Loop Replacement Enhances the Ancestral Antibacterial Function of a Bifunctional Scorpion Toxin.

On the basis of the evolutionary relationship between scorpion toxins targeting K⁺ channels (KTxs) and antibacterial defensins (Zhu S., Peigneur S., Gao B., Umetsu Y., Ohki S., Tytgat J. Experimental conversion of a defensin into a neurotoxin: Implications for origin of toxic function. Mol. Biol.

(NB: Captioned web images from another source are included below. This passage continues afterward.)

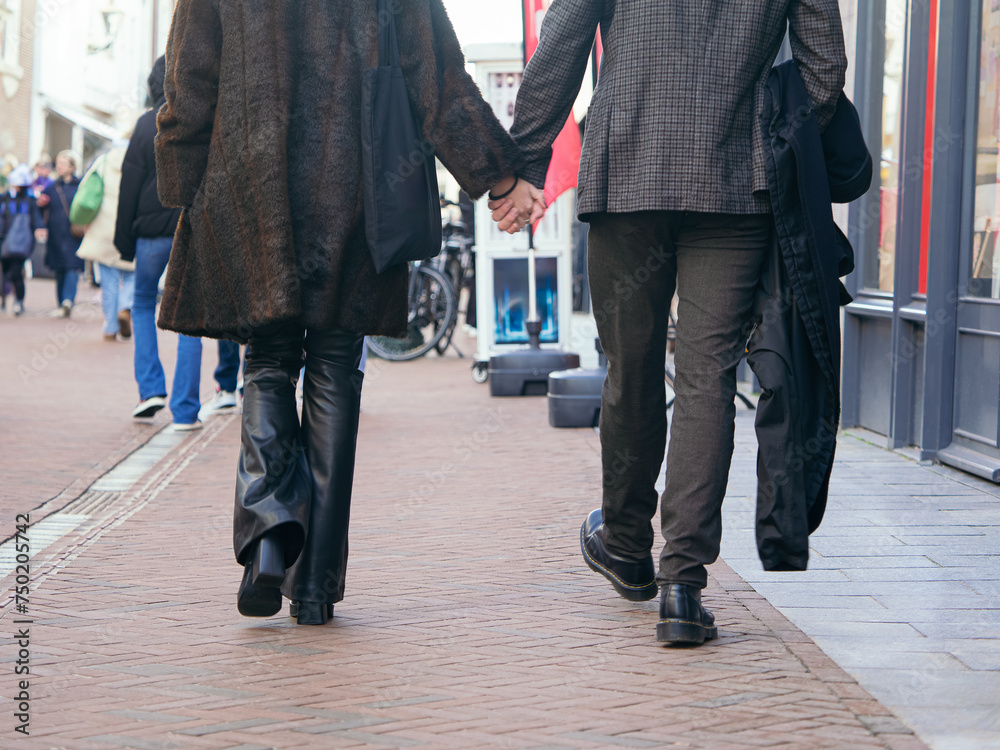 A couple holding hands While Walking Down a a City Street A couple holding hands While Walking Down a a City Street
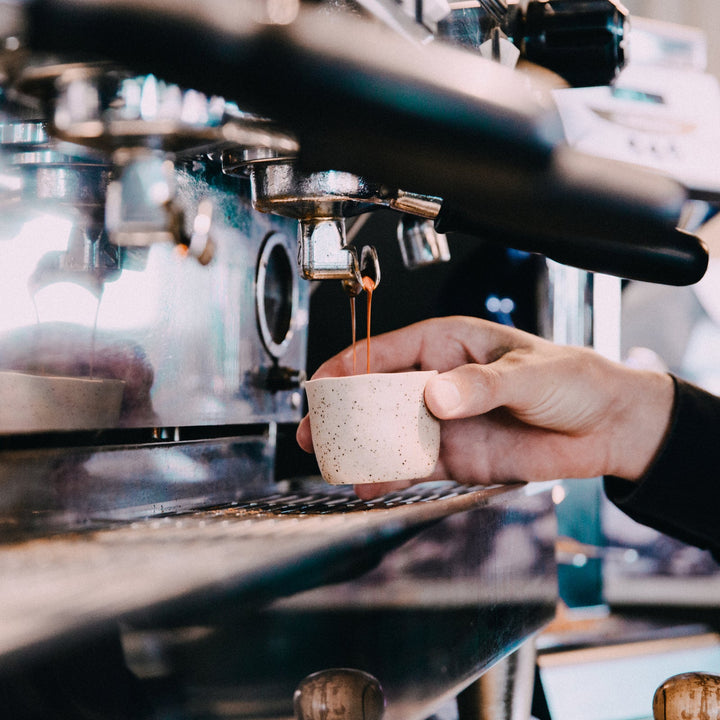 Barista pulling a double espresso - better church coffee hospitality from Inheritance Coffee, Pensacola, FL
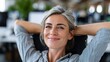 © Iaroslav - Serene young woman smiling, relaxing with arms behind head. Feeling content and confident, taking from work break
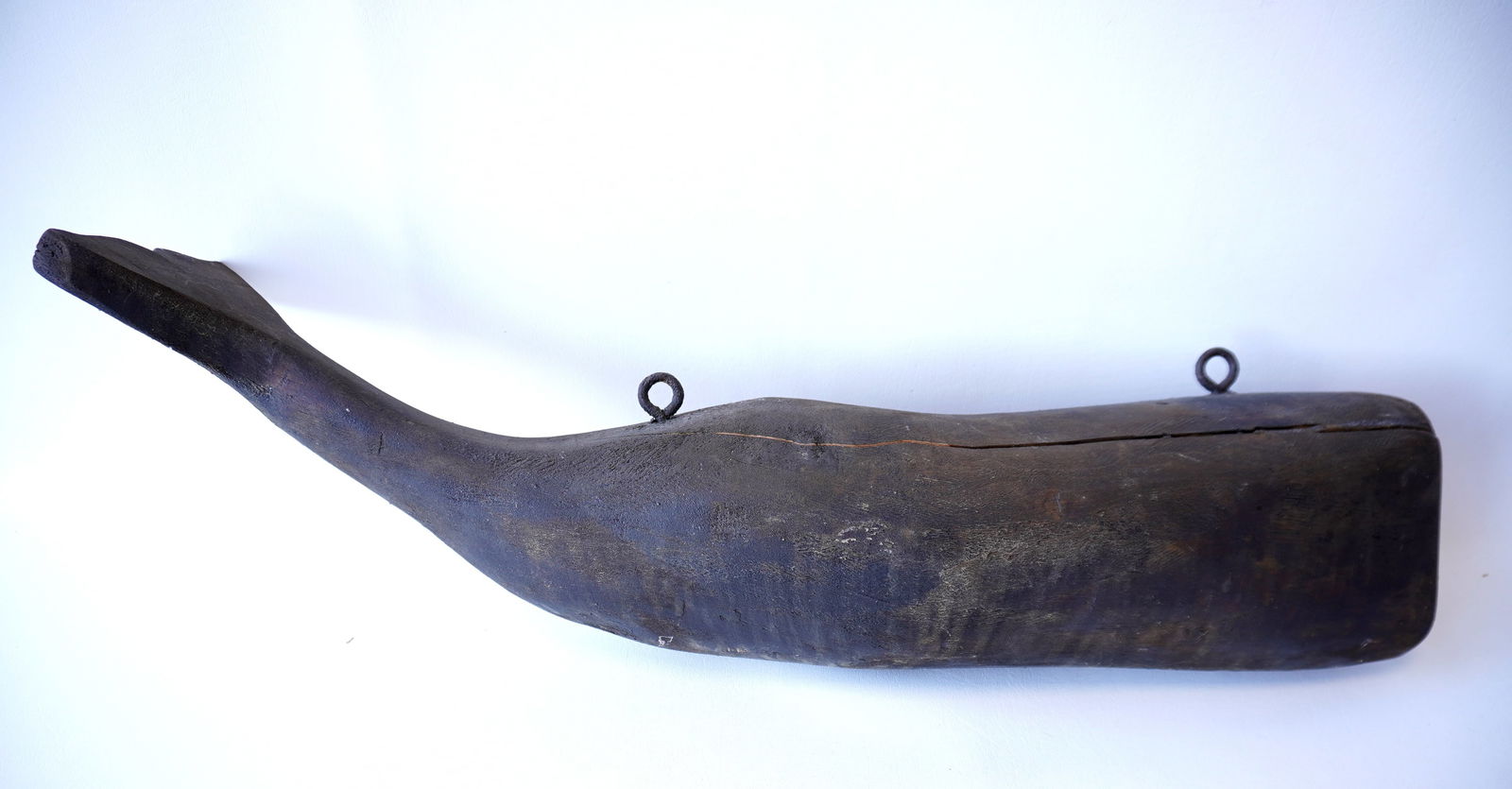 Full body carved wooden hanging whale with turned tail, in a black stain, probably 3rd quarter 20th: Full body carved wooden hanging whale with turned tail, in a black stain, probably 3rd quarter 20th century. Unknown carver. Includes mounting brackets for hanging from ceiling. Age crack, otherwise g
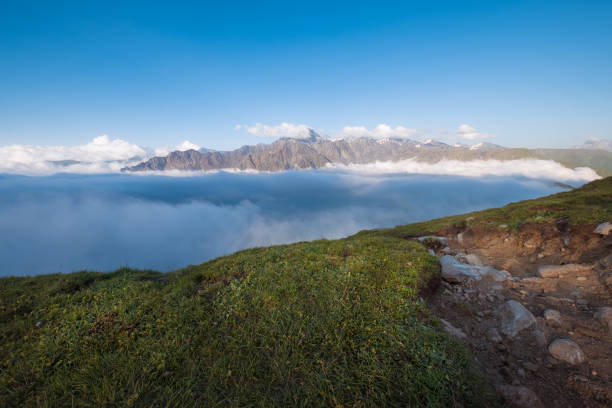 Greater Caucasus mountains covered with evening clouds with Mount Shani 4451m summit. The tourist path going down to Stepantsminda Valley, Georgia.
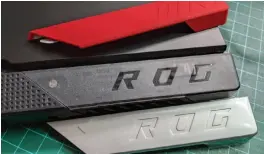  ??  ?? You can easily swap out the red corner accents of the ROG Strix G15 Advantage Edition for either a clear or silver color. All three options are included with the laptop.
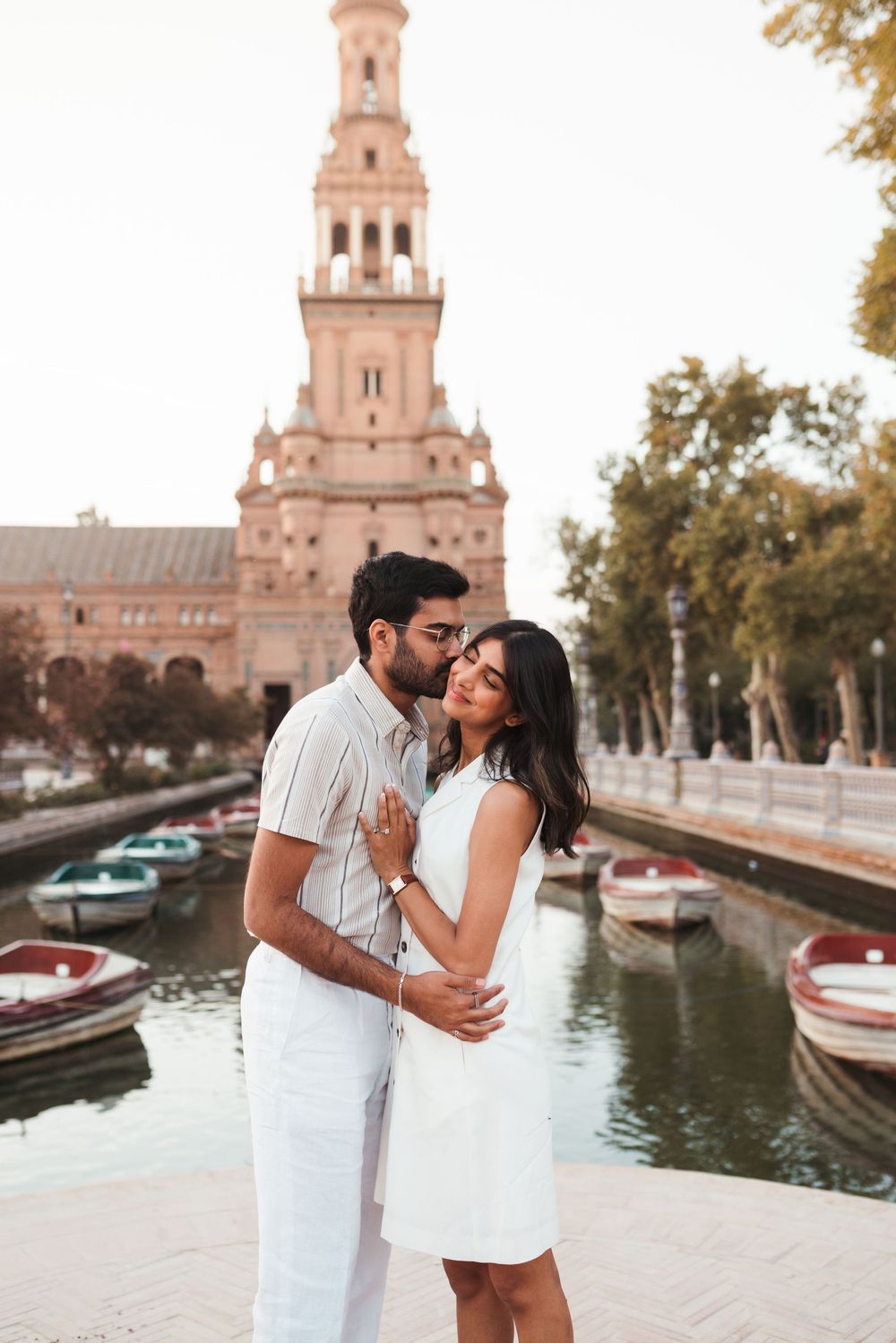 A romantic moment by the canal with boats and a historic tower in Seville.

Evol. 2014, 31, 546⁻559), we performed protein engineering experiments to modify a bifunctional KTx (i.e., weak inhibitory activities on both K⁺ channels and bacteria) via substituting its carboxyl loop with the structurally equivalent loop of contemporary defensins. As expected, the engineered peptide (named MeuTXKα3-KFGGI) remarkably improved the antibacterial activity, particularly on some Gram-positive bacteria, including several antibiotic-resistant opportunistic pathogens. Compared with the unmodified toxin, its antibacterial spectrum also enlarged. Our work provides a new method to enhance the antibacterial activity of bifunctional scorpion venom peptides, which might be useful in engineering other proteins with an ancestral activity.

1. Introduction

Scorpion venom contains a variety of biologically active peptides for predation and defense, in which peptide toxins affecting Na+ and K+ channels are the most well-studied components [1,2]. Most of them fold into a common cysteine-stabilized α-helix and β-sheet (CSαβ) structure stabilized by three or four disulfide bridges, a structural motif shared by plant trypsin inhibitors and plant/animal antimicrobial defensins [3,4]. To date, about 250 K+ channel toxin (KTx) sequences have been identified, which can be divided into three main groups according to their sequence similarity and phylogenetic relationship: α-, β-, and γ-KTx [5,6,7]. α-KTxs are the largest group of KTXs that usually contain 28–45 residues and bind to several different types of K+ channels [8].

Antimicrobial peptides (AMPs) are an important component of the innate immune system in nearly all living organisms. They are active against a diversity of microorganisms, including bacteria, fungi, protozoans, and viruses [9,10]. AMPs are usually small, cationic, and amphipathic molecules with positively charged amino acids and a substantial fraction of hydrophobic residues separated into two domains [11]. They are divided into three main categories: linear peptides, cysteine-containing peptides, and peptides rich in specific amino acids [12]. Defensins with a typical CSαβ structure belong to the second category [3,4].

Using experimental evolution, Zhu et al. have provided convincing evidence in favor of the evolutionary relationship between CSαβ-type antibacterial defensins and α-KTxs [13]. For these two classes of molecules, their carboxyl loop (c-loop) regions connecting the two antiparallel β-strands are involved in interactions with their respective targets. For example, an evolutionarily conserved asparagine in the loop of α-KTxs binds to the channel pore [13,14,15] whereas residues in the loop of defensins bind to bacterial membrane [16,17,18,19].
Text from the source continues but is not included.